L’uso di prolissi dialoghi sul nulla, infarcisce una storia semplice di fronzoli che non hanno però meno significato di dettagli che sarebbero stati più pertinenti: Tarantino sceglie appositamente di riempire i protagonisti di nulla in modo da ottenere che sia amplificato solo il puro paradigma gangster dei loro profili. Nel dialogo tra Buscemi e Keitel nel casolare, sembra di assistere ad un’interpretazione personale del regista sulle vicende del cinema poliziesco degli anni settanta, dove al semplice criminale si è sostituito il Rambo che spara a raffica (la follia di Mr. Blonde nella gioielleria) un lavoro che nessuno dei due ritiene da professionisti. L’elemento più importante però, a mio avviso, per la chiave di lettura della pellicola, è la digressione che permette alla trama di svelare l’ingresso di Tim Roth come spia. Il tempo narrativo di partenza è quello di Mr. Orange nel casolare, semi morente che ha appena ucciso Mr. Blonde. Dilatazione con movimento all’indietro del tempo, un flashback su lui ed un collega poliziotto di colore che gli racconta di come inventarsi una balla tanto per avere qualcosa da dire nell’ambiente. Tempo narrativo che ritorna a prosegue in avanti, accelerando, da Tim Roth che cerca d’imparare il testo a memoria da solo nella sua stanza a quando lo racconta perfettamente ai compari della rapina, seduti in un bar. In questo punto esatto, Tarantino svela il trucco del suo cinema e dà vita all’immagine del racconto falso, quello che Mr. Orange immagina di aver vissuto. L’immagine è un bagno pubblico con sbirri e cani, Tim Roth è voce fuori campo, che è stata voce dello sbirro collega, che è voce di Tarantino, l’attenzione passa per un momento ad uno di quei poliziotti immaginari che sta raccontando un’altra storia, con molta probabilità la stessa cretinata che sta raccontando Tim Roth. Tarantino è in quel bagno, presente quanto i suoi personaggi, con quella fantasia narrativa che lo spinto fino a quel buco temporale. Questo lungo viaggio attraverso le maglie della narrazione, è il vero punto di forza di questo lavoro. La firma del regista è in questo salto di tempi e spazi, il cuore pulsante di un lavoro che altrimenti non sarebbe stato che solo un bel mosaico fatto di tessere impolverate.

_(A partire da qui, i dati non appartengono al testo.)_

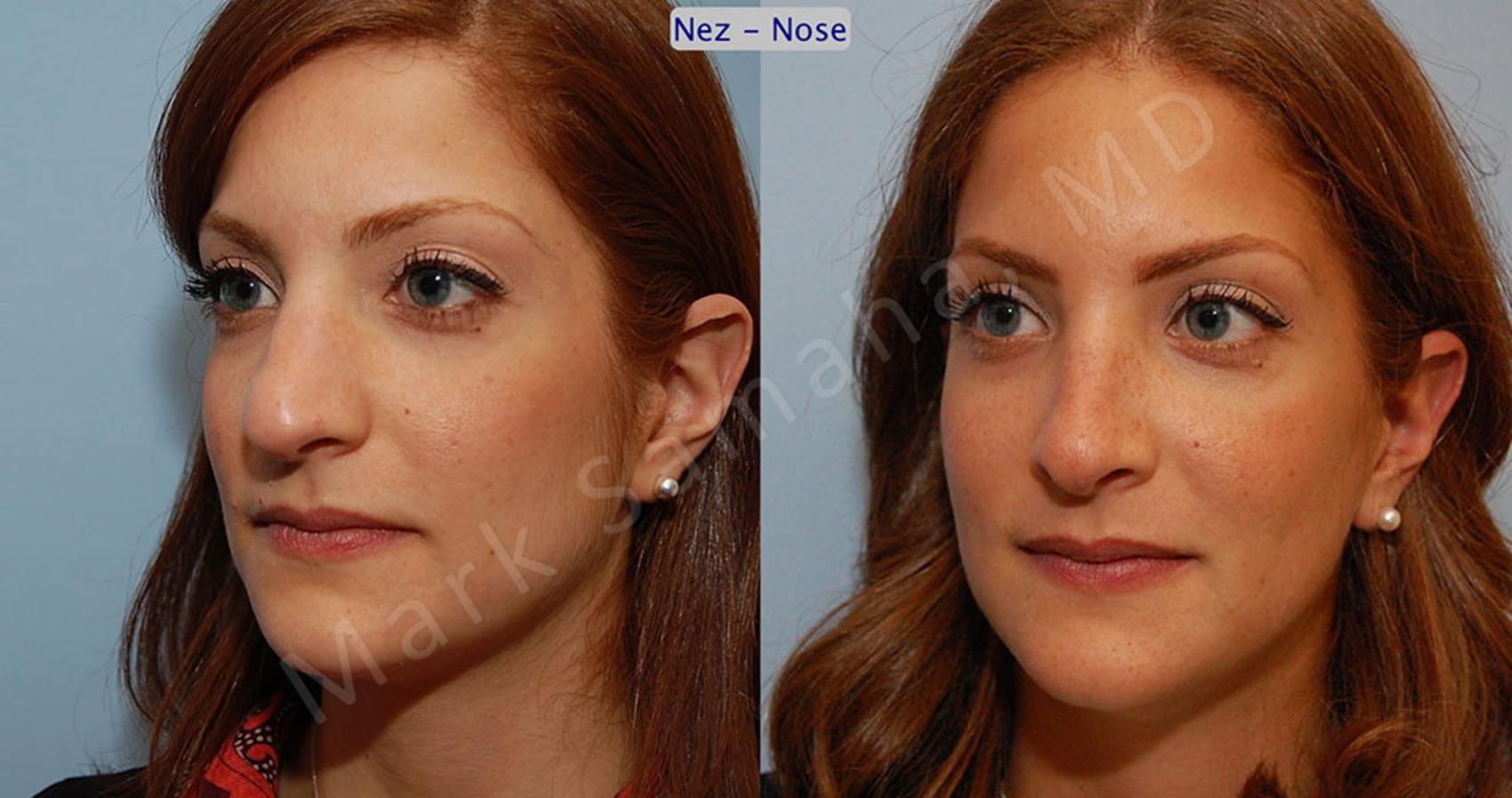 Before & After Rhinoplastie / Rhinoplasty Case 43 View #3 View in Montreal, QC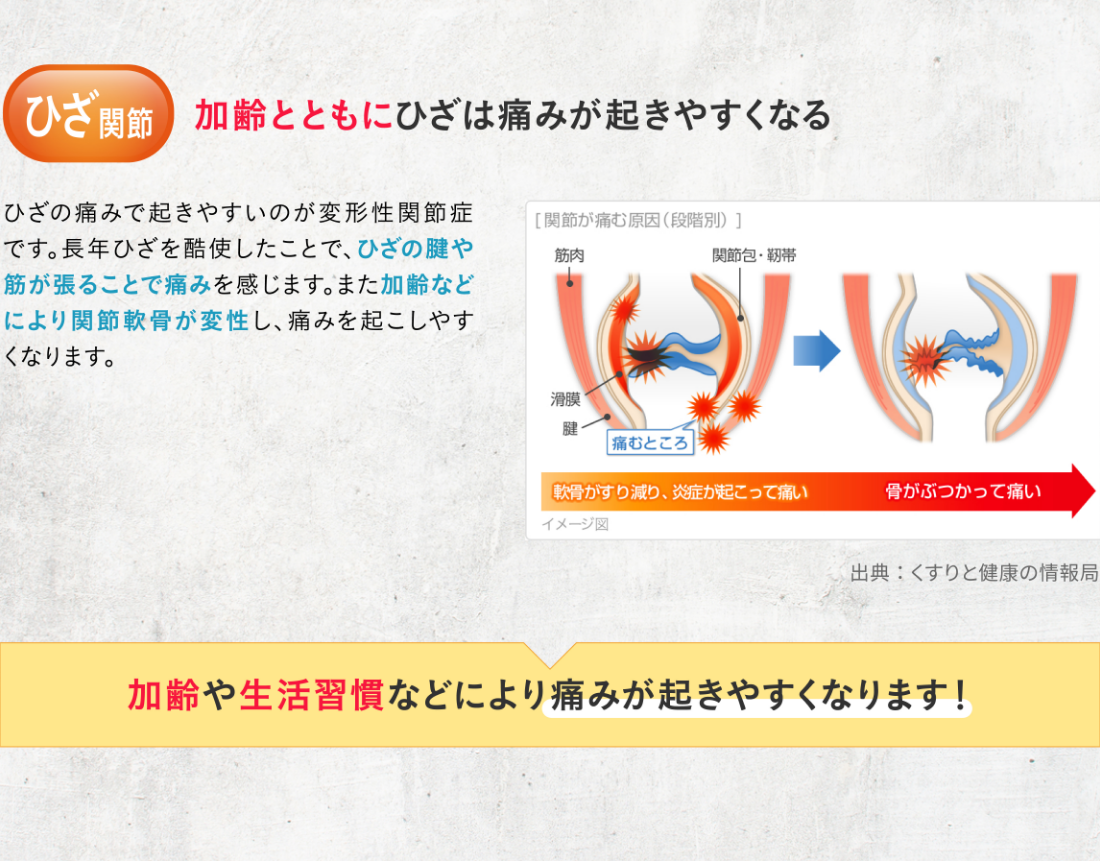 ひざ関節 加齢とともにひざは痛みが起きやすくなる ひざの痛みで起きやすいのが変形性関節症です。長年ひざを酷使したことで、ひざの腱や筋が張ることで痛みを感じます。また加齢などにより関節軟骨が変性し、痛みを起こしやすくなります。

Rititolato in Italia con Cani da rapina, dopo il successo veneziano di Pulp Fiction (1994) e grazie al quale si parlerà di talento. Vietato ai minori di diciotto anni. Trasmesso alla TV italiana con tagli per 29 minuti. (Morandini 2003 – Dizionario dei film). Harvey Keitel è anche coproduttore del film, mentre il regista di western crepuscolari Monte Hellman è uno dei produttori esecutivi.